Wednesday, February 19, 2003

The Gospel Means Freedom

I woke with a glorious thought this morning. We have forgotten that sin was a cruel task master. Sin bound our hands and minds and lied to us. It made us believe we lived in a small world. It gave us small minds and small eyes. Sin took away our hunger. Sin dulled the pain. It made us to walk in lock step. It wanted us to color in the lines. And we have forgotten that the gospel has made us free.

We have forgotten that the gospel made us free. That means, to begin with, that the gospel has already taken place. The good news of the gospel is history. God dealt with the real bonds of sin in Jesus’ life, death, and resurrection. Therefore evangelism is an awakening. Eternity is in the hearts of men. They know in their bones they are free. But sin makes us love the bonds. Sin makes us love the bars and chains, we think are there. But we are free. The world has been free for over two thousand years. Gloria in excelsis Deo! Salvation has come to the world, the gospel made us free.

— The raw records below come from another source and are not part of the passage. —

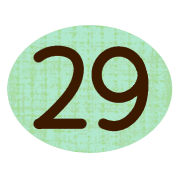 029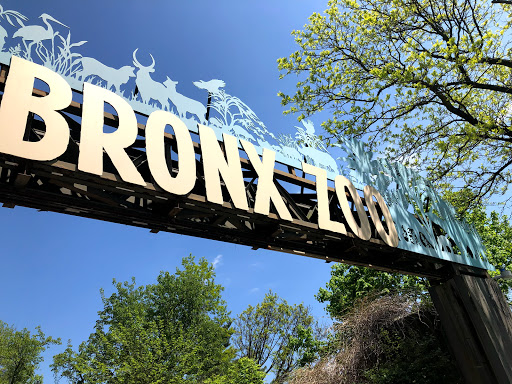 Park «River Park», reviews and photos, Boston Rd, Bronx, NY 10460, USA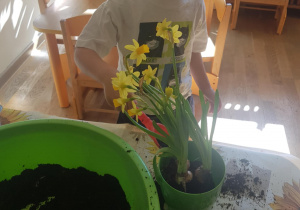 Na zdjęciu widać dziecko które sadzi kwiaty.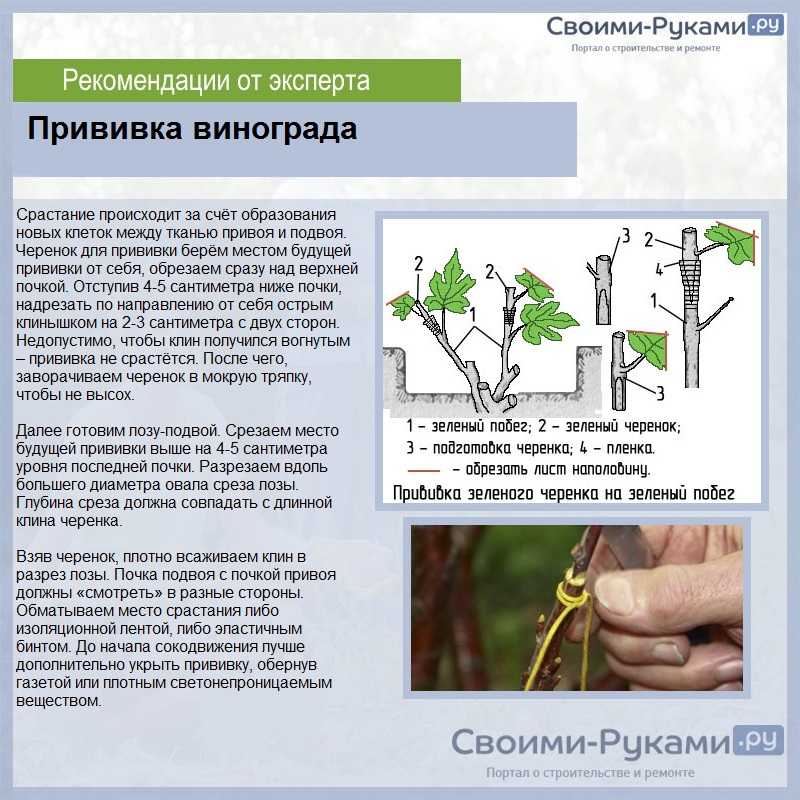 Размножение винограда черенками – укоренение и посадка черенка в домашних условиях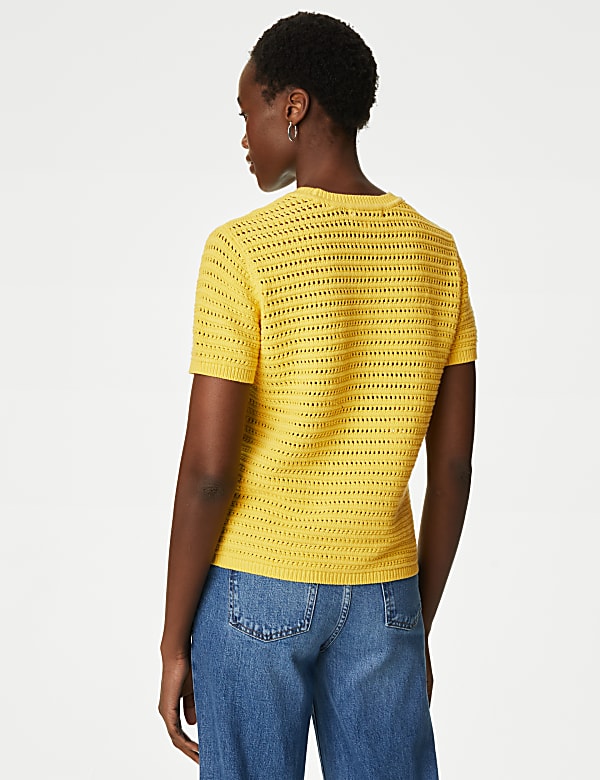 Cotton Rich Crew Neck Textured Knitted Top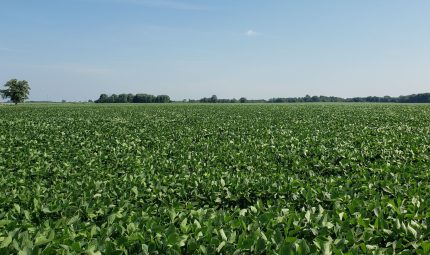 Live & Online Land Auction – 267.28 Acres – 3 Tracts in Knox & Warren County, IL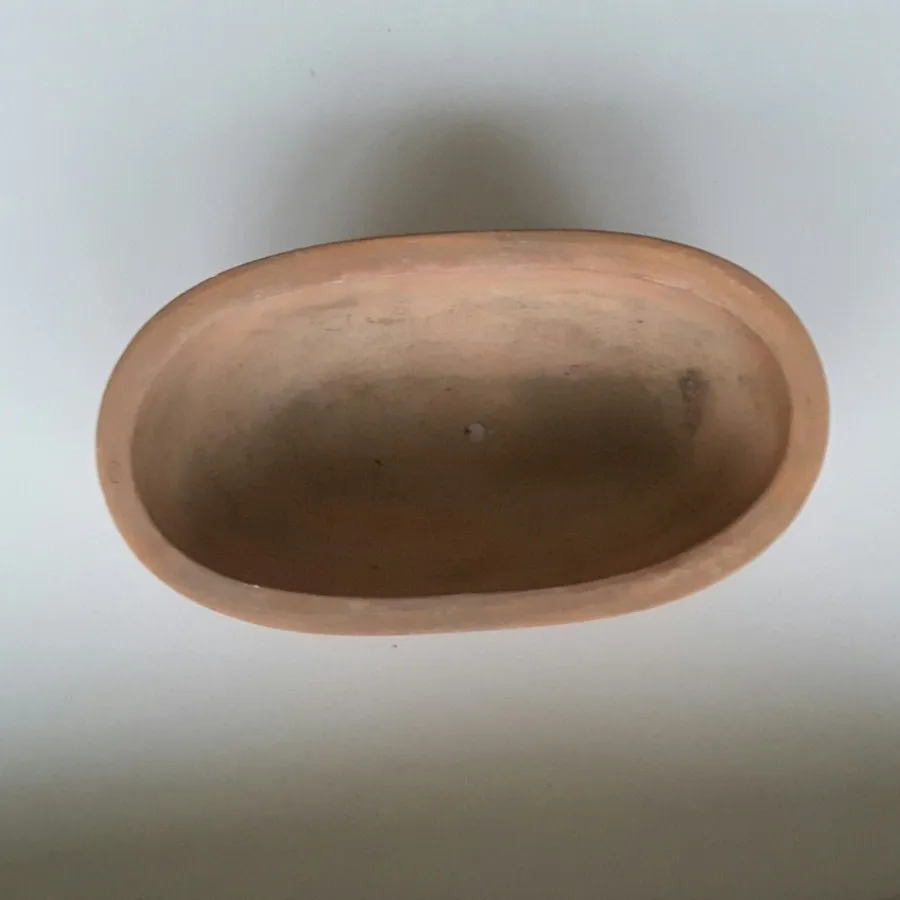 گلدانهای بنسای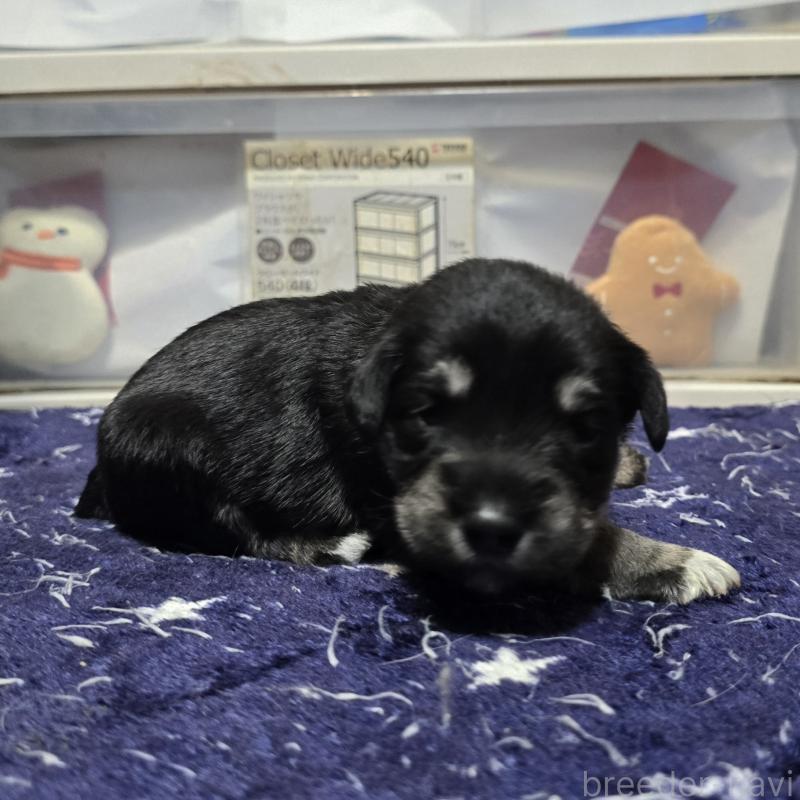 販売中の岡山県のミニチュアシュナウザー-436741の4枚目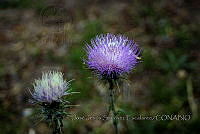 JJSE0118 Cirsium neomexicanum.JPG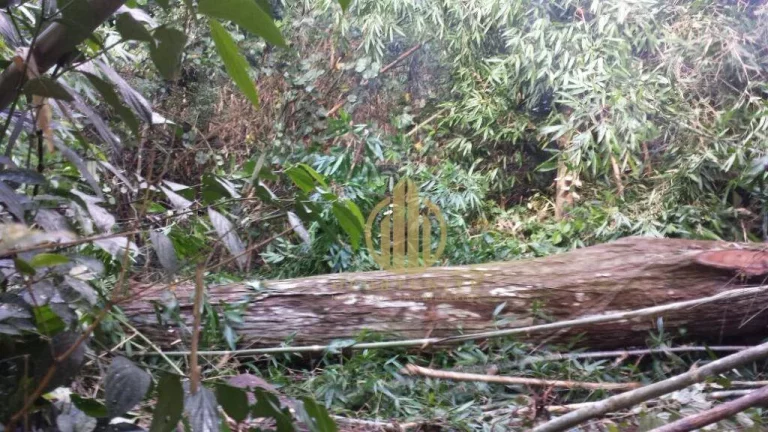 Imagem Fazenda à venda, - Área rural de Feijó - Feijó/AC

But sin was a small minded mold that set our bodies to slow, boring, and selfish movements. Habits are the hardest to shake, and Adam’s was bred deep. Being awakened then, being shaken out of our stupor, is teaching our bodies freedom. We must know that the gospel means we are free. We tend to think that means free to keep being small minded and tidy. We think it means pressed shirts and shiny shoes. So we live our lives in tiny cubicles: small sand boxes for grown ups. We glare and glower with our little toys and trinkets. We seize our precious scraps of life, when all the while there’s a world that dances around us.

The gospel teaches us to be wild. Jesus came to give life and life abundant. The gospel means reckless abandon. The gospel life is a wild life.